Your records are stored on paper and in locked filing cabinets.

We will never share your data with anyone who does not need access without your written consent. Only the following people will have routine access to your data:

  • Your practitioner(s) so that they can provide you with treatment
  • Our reception or administrative staff so they can organize the practitioners’ diaries and coordinate appointments and reminders

As part of our obligations as primary healthcare practitioners, there may be times we need to share your medical records with other healthcare practitioners e.g. GPs, Consultants, surgeons, or medical insurance companies. Where this is the case, we will always inform you first unless we are under a legal obligation to comply.

From time to time too, we may employ consultants to perform tasks which may give them access to your personal data (but not your medical notes). We will ensure that they are fully aware this information must be treated as confidential and that they sign a non-disclosure agreement.

Our website was built using WordPress and is hosted by ​Cloud Heroes​, who​​ provide us with the online platform that allows us to promote our services to you. Your data that you enter into our website (such as email address and name) may be stored through ​WordPress ​data storage, databases and the general ​WordPress ​applications. They store your data on secure servers behind a firewall.

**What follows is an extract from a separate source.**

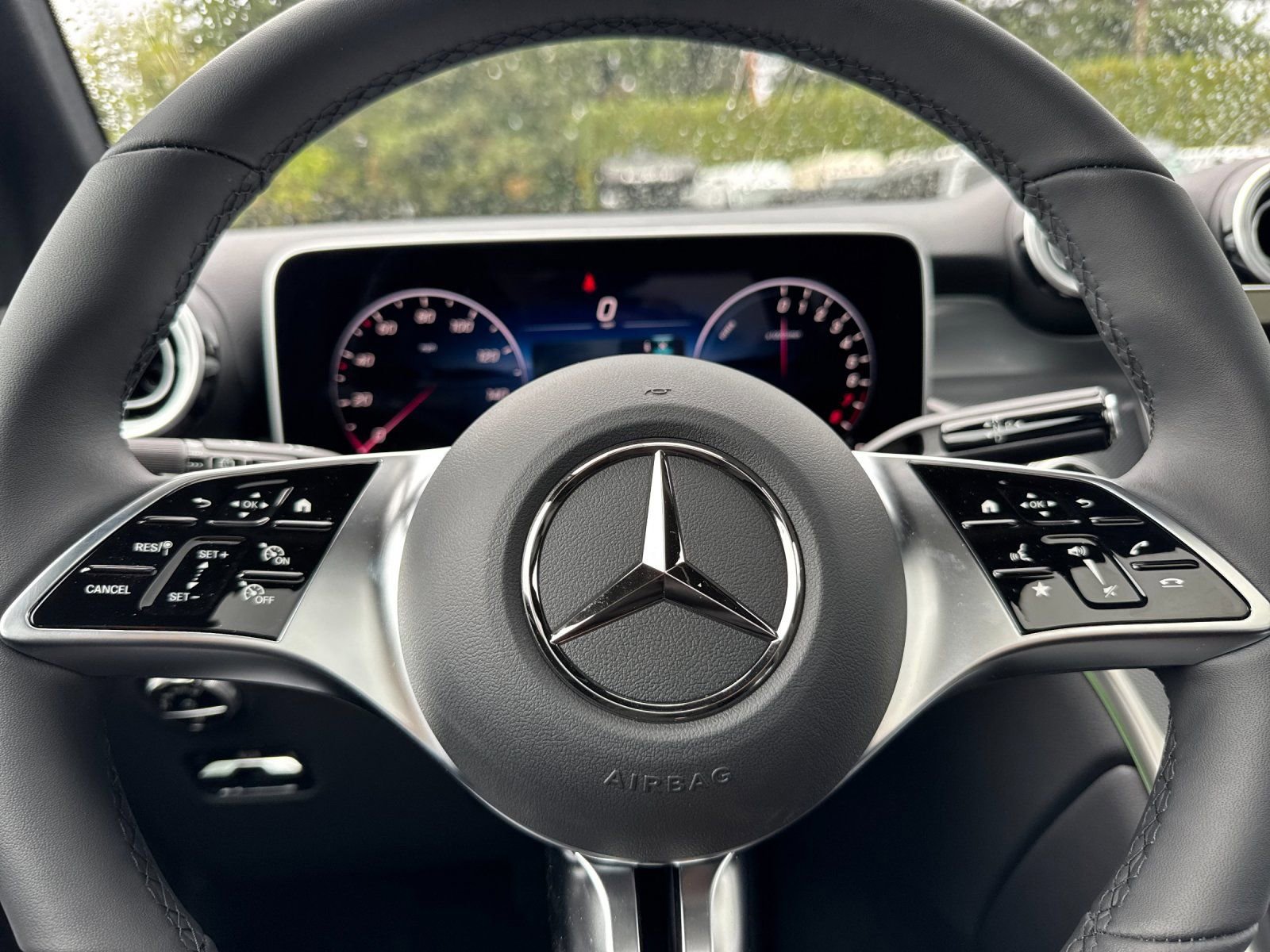 New 2025 Mercedes-Benz GLC 350e 4MATIC image 24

Cookies are used on this website to make the site easier to use and to track the traffic patterns of visitors. We are always working to improve our website for our users. If you do not accept the use of cookies, please let us know.

In addition, we collect the Internet protocol (IP) address used to connect your computer to the Internet which may include your email address, computer and connection information. We may use software tools to measure and collect session information, including page response times, length of visits to certain pages, page interaction information, and methods used to browse away from the page.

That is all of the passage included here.